Tool #1: Tax Treaties — Dropping to 15% (Mexico and Portugal)
Canada has tax treaties with over 90 countries, and the ones with Mexico and Portugal contain a provision most Canadians don’t know about until their accountant mentions it: reduced withholding rates on periodic pension payments.
Mexico: 15% on Periodic Pensions
Under the 2006 Canada-Mexico tax treaty, periodic pension payments — CPP, OAS, employer pensions, and scheduled RRIF withdrawals — are capped at 15% withholding instead of 25%. That’s a 40% reduction on every payment.
On $40,000 a year of pension income, that’s the difference between $10,000 withheld and $6,000. The extra $4,000 stays in your account — enough to cover four months of groceries in Mérida, or a year of health insurance.
The catch: Lump-sum RRSP withdrawals don’t qualify. The treaty only covers periodic payments. If you’re planning to draw down your RRSP, converting it to a RRIF and taking scheduled withdrawals is the move that unlocks the 15% rate.
To claim the reduced rate, file Form NR301 with each Canadian payer (your pension plan, your bank, the institution holding your RRIF). They’ll adjust the withholding at source.
Portugal: 15% Above $12,000/Year
The 1999 Canada-Portugal treaty works similarly but with a twist: the 15% rate applies only to periodic pension payments above approximately CA$12,000 per year. The first $12,000 may be subject to even lower withholding.

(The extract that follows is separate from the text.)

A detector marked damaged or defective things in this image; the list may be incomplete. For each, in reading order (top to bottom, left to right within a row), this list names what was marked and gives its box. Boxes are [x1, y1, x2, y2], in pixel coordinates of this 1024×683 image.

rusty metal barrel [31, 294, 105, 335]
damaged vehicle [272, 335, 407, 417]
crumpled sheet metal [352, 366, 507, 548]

For a retiree receiving $30,000/year in combined CPP and pension payments, the math works like this: roughly $0 withholding on the first $12,000, and 15% on the remaining $18,000 — about $2,700 total. Compare that to $7,500 at the default 25%.

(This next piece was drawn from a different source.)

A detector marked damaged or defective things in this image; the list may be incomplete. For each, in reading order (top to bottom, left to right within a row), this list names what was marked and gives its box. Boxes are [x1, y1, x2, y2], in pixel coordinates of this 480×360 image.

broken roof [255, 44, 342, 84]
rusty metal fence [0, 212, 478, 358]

Important change for Portugal: The old NHR (Non-Habitual Resident) tax program is terminated. New Canadian retirees arriving from mid-2025 onwards face Portugal’s standard progressive income tax rates of 12.5% to 48% on worldwide income, including Canadian pensions. The treaty credit means you won’t be double-taxed, but Portugal is no longer the tax haven it was. Budget accordingly.

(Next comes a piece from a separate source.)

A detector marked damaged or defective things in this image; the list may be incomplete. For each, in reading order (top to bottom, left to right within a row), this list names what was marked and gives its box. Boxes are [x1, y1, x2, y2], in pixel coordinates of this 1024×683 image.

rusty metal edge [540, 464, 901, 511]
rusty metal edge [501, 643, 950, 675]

Thailand: 25% Stays — But the Treaty Still Helps
Here’s where it gets different. Canada does have a tax treaty with Thailand — signed in 1984, currently in force — but it doesn’t reduce the withholding rate on pensions. The treaty assigns taxing rights to the source country (Canada), meaning Thailand can’t add its own tax on top. But Canada keeps the full 25%.
If you’re choosing between countries partly on tax grounds, this matters. On $40,000 of pension income, you’d pay $6,000 to the CRA from Mexico, roughly $2,700-$6,000 from Portugal, and $10,000 from Thailand. Same income, different bottom line.
That said, Thailand makes up the difference in cost of living. The $4,000 more you pay the CRA from Thailand compared to Mexico might not matter when your rent is $400/month less. Run the full numbers — not just the tax numbers. Our three-country cost comparison puts the living expenses side by side.
| Country | Treaty Rate (Periodic Pensions) | Lump-Sum RRSP | Local Tax on Canadian Pensions |
|---|---|---|---|
| Mexico | 15% | 25% | Progressive (1.92-35%), with treaty credit |
| Portugal | 15% (on amounts over ~$12K/yr) | 25% | Progressive (12.5-48%), NHR is gone |
| Thailand | 25% (no reduction) | 25% | Treaty protects against Thai taxation of Canadian pensions |
Tool #2: Section 217 — The Strategy Most Canadians Miss
This is the one that changes the math for almost every Canadian retiree abroad — and the one most people never hear about until they’ve already overpaid for a year or two.
Section 217 of the Income Tax Act lets non-residents voluntarily file a Canadian tax return and be taxed at graduated rates instead of the flat 25%. If the graduated rate is lower — and for most retirees earning under $58,000 in Canadian pension income, it is — the CRA refunds the difference.
Read that again: you file a return, the CRA calculates your tax as if you were a resident (using the 2026 brackets, starting at 14% on the first ~$58,523), and if that number is lower than what was withheld, they send you a cheque. If the graduated rate is higher, they simply reject the election and the 25% stands. There’s no downside to filing.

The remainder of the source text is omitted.